Alors que les machines calment mes tensions,
Et dévient la douleur de mon attention.
Alors pour quelque temps, une journée ou peut-être une vie,
Machine qui soigne, machine qui suit.
J’aimerais vous mettre de côté, vous laisser mourir dans les flux,
Machines qui blessent, machines qui tuent.
J’emprunte ici l’image des flux à Marina Skalova qui dans son exploration des flux1 décortique toute l’essence, l’ambivalence et la gravité du terme. Les parallèles s’imposent pourtant, il faut être charitable avec la Machine pour bien la comprendre. Le double jeu qu’elle a pu jouer depuis le début se révèle : la Machine soigne autant qu’elle détruit, elle blesse, tue, répare, permet d’ouvrir les plaies ou de les recoudre. Un cri s’ensuit dans la musique, un cri qui pourrait faire écho à celui des ouvriers luddites qui au XIXème siècle en Angleterre pensaient que la Machine, loin de les libérer, allait les remplacer. Et puis au milieu d’un moment d’intensité, la chanson nous amène sur le terrain de l’apaisement.
Machines, machines, machines,
Vous m’avez trop causé, laissez-moi dormir et penser.
Machines, machines, machines,
Je vous ai trop aimé, laissez-moi maintenant m’en aller.
Comme un cœur maladif, le moteur toussote.
La lumière décline, la machine s’emporte.
Et moi qui ferme les paupières pour m’enfuir à cette heure,
J’appuie enfin sur l’interrupteur.
Ici, il s’agit de tenter de s’extraire de l’emprise de la Machine en lui demandant, presque poliment, de prendre congé d’elle, de s’en aller, qu’elle nous offre un peu de repos après toute l’attention qu’on a su lui prodiguer. Que veux dire « s’en aller » ici ? « S’en aller », c’est aussi bien mourir, rester statique à tout jamais, que se mettre en mouvement et revivre à travers la marche. « S’en aller » contient aussi bien l’idée de voyage que l’idée de repos. « S’en aller » c’est se diriger vers un ailleurs, vers l’inconnu, c’est prendre la poudre d’escampette ou mettre les voiles, c’est partir mais sans rien dire.
Alors que le monde de la Machine s’impose, que voit-on autour de nous dans la ville, dans les rues ? Des vélos, des dizaines et des centaines de vélos, des vélos qui me font penser à ce même vélo qui m’emportait près des cabanes que j’allais construire, enfant, dans les bois, près des grottes, comme autant de refuges.

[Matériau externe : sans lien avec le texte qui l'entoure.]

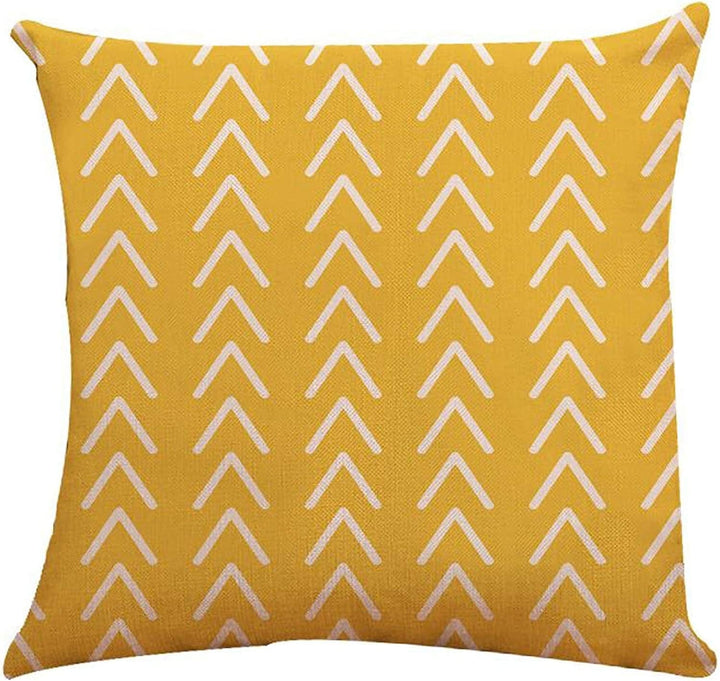 Pillow Covers 18X18, Sofa Throw Pillow Covers 18X18 Inch 45X45 Cm (Set of 4) BENNYS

Dans la ville d’aujourd’hui, les vélos emportent des corps fatigués qui pédalent pour livrer de la nourriture et qui sont dirigés dans les artères de goudron par la Machine. Ils ne s’en vont pas vers un ailleurs utopique, ils pédalent vers des buts précis : livrer une marchandise pour gagner leur vie. Le corps transpire, se fatigue, la Machine impose sa cadence à nouveau. La nourriture arrive à bon port et comme par magie vers d’autres corps, des corps d’intérieur qui ont eu le temps de prendre une douche, qui ne pédalent par pour gagner leur vie mais qui sont fatigués d’avoir travaillé avec la Machine toute la journée. Parfois le vélo se casse mais un vélo se répare facilement alors que la Machine, elle, ne se répare pas elle se remplace. Il faut trouver une autre machine pour que tout continue, pour que le flux reste tendu, plein d’informations ou de marchandises. Un flux n’est un flux que parce qu’il coule sans cesse sinon c’est autre chose, c’est un échange, un passage. Dans le flux on ne distingue plus rien de précis, plus rien d’humain. Le vélo peut donc se casser et dans le même temps son mécanisme pourtant ingénieux reste compréhensible avec un peu d’observation et de démontage. Le geste de réparer permet alors de donner à l’engin une deuxième vie. Matthew Crawford nous rappelle ainsi que :
« Le métier de réparateur […] consiste à se mettre au service de nos semblables et à restaurer le fonctionnement des objets dont ils dépendent. La relation du réparateur à ces objets exprime une forme d’emprise matérielle beaucoup plus solide, fondée sur une véritable compréhension. C’est pourquoi elle contredit la complaisance du fantasme de maîtrise qui imprègne la culture moderne. »2
La « culture moderne » a érigé la Machine en maître ou peut-être est-ce l’inverse : c’est parce que nous sommes des « modernes » que la Machine s’est imposée avec une révolution industrielle d’abord puis une révolution numérique. La Machine donne maintenant l’impression de marcher toute seule alors que seul un petit nombre d’individus comprennent son fonctionnement et peuvent la réparer. La Machine marche en français alors qu’elle travaille – work – en anglais. Chaque langue dessine sa petite cartographie mentale, son chemin sémantique pour donner à la machine une vie qu’elle n’aurait pourtant pas sans nous.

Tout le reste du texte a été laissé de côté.